What we do is modular squaring iterations:

x := x^2 mod M,

where M== 2^p - 1, i.e. M is the Mersenne number that we test.

Realize that working modulo 2^p - 1 means that 2^p == 1, which corresponds to a circular convolution of size p bits. We use the "Irrational Base Discrete Weighted Transform", IBDWT [1] introduced by Crandall/Fagin to turn this into a convolution of a convenient size N "words", where each word contains about 18bits, so Words ~= p/18. For example our prime of interest M52 was tested with a FFT of size 7.5M == 1024 * 15 * 512.

The FFT is a double precision (FP64) floating point FFT. Depending on the FFT size we can make use of about 18bits per FFT "word", where a "word" corresponds to one FP64 value.

Some tricks involved up to this point are: one FFT size halving and the modular reduction for free because of IBDWT. Another FFT size halving because turning the real input/output values into complex numbers in the FFT.

The FFT implementation that we found appropriate for GPUs is the "matrix FFT", which splits the FFT of size N=A*B into sub-FFTs of size A, one matrix multiplication with about A*B twiddle factors, and sub-FFTs of size B. In practice we split the FFT into three dimensions, e.g. for M52 we used: 7.5M == 1024 * 15 * 512.

We implement in a workgroup one FFT of size 1024 or 512. These are usually base-4 FFTs, with transpositions using LDS (Local Data Share, local per-workgroup memory in OpenCL).

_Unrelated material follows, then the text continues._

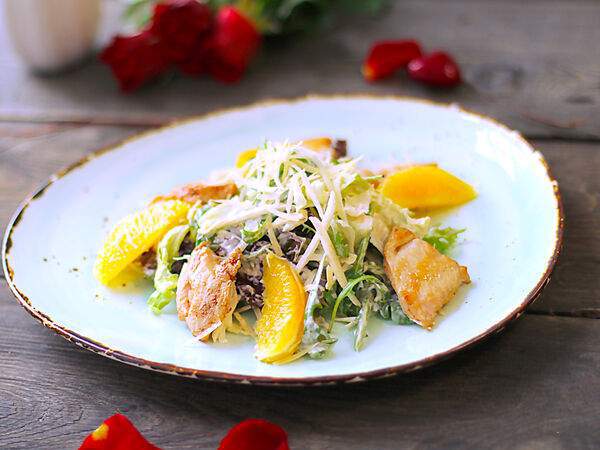 Friends - Салат с куриной грудкой и апельсинами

The convolution is formed of:

   - forward FFT
   - element-wise multiplication
   - inverse FFT

After the inverse FFT, we also need to do Carry propagation which properly turns the convolution into a multi-word multiplication.

For performance we merge a few logical kernels that are invoked in succession into a single big kernel, where possible. The main advantage of doing so is that the data does not need to transit through "global memory" (VRAM) anymore but stays local to the workgroup, which is a large gain.

So, to recap:

   - multiplication via convolution
   - convolution via FP64 FFT, achieving about 18bits per FP64 word
   - modular reduction for free through IBDWT

[1] https://en.wikipedia.org/wiki/Irrational_base_discrete_weigh...*
1 comments

Thank you very much for the answers, very informative!

And congratulations on the discovery!